How can I vectorize this PyTorch snippet? - python

My pytorch code is running too slow due to it not being vectorized and I am unsure how to go about vectorizing it as I am relatively new to PyTorch. Can someone help me do this or point me in the right direction?
level_stride = 8
loc = torch.zeros(H * W, 2)
for i in range(H):
for j in range(W):
loc[i * H + j][0] = level_stride * (j + 0.5)
loc[i * H + j][1] = level_stride * (i + 0.5)

First of all, you defined the tensor to be of size (H*W, 2). This is of course entirely optional, but it might be more expressive to preserve the dimensionality explicitly, by having H and W be separate dimension in the tensor. That makes some operations later on easier as well.

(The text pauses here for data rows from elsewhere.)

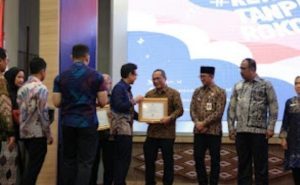 Menteri Kesehatan, Budi Gunadi Sadikin memberikan penghargaan kepada Kadinkes Muba dr H Azmi Dariusmansyah, Mars., Selasa (04/6/2024) pada Puncak Peringatan Hari Tanpa Tembakau Sedunia Tahun 2024 di Jakarta. Foto: Kominfo Muba.
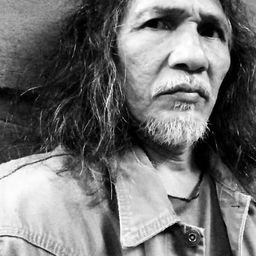 奧帝·巴基斯 飾演 Ayah Ben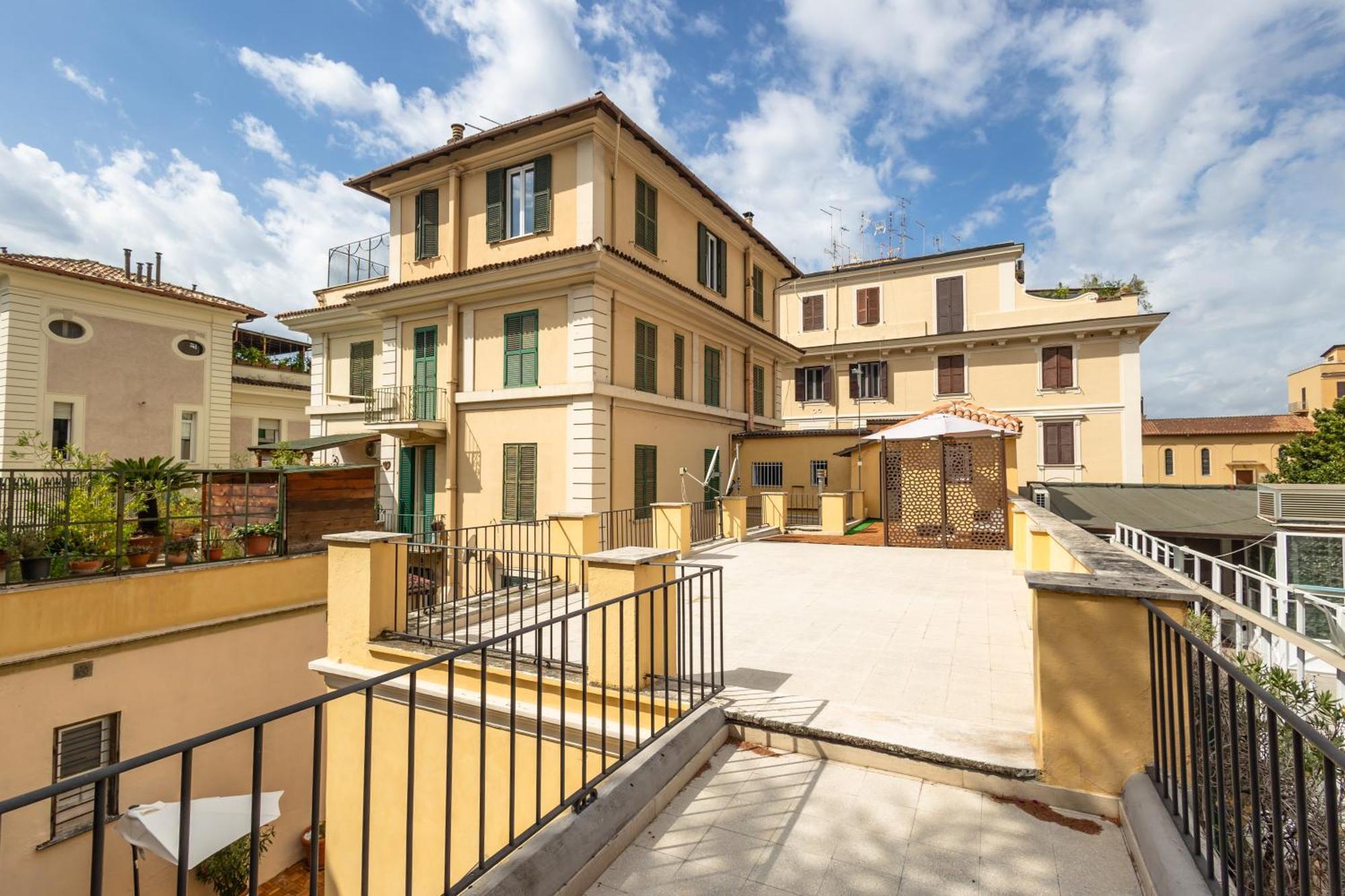 Jmartins Colosseo Suites Рим Екстериор снимка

The values you compute to fill the tensor with originate from ranges. We can use the torch.arange function to get the same ranges, already in form of a tensor, ready to be put into your loc tensor. If that is done, you could see it as, completely leaving out the for loops, and just treating j and i as different tensors.
If you're not familiar with tensors, this might seem confusing, but operations between single number values and tensors work just as well, so not much of the rest of the code has to be changed.
I'll give you a expression of how your code could look like with these changes applied:
level_stride = 8
loc = torch.zeros(H, W, 2)
j = torch.arange(W).expand((H, W))
loc[:, :, 0] = level_stride * (j + 0.5)
i = torch.arange(H).expand((W, H)).T
loc[:,:,1] = level_stride * (i + 0.5)
The most notable changes are the assignments to j and i, and the usage of slicing to fill the data into loc.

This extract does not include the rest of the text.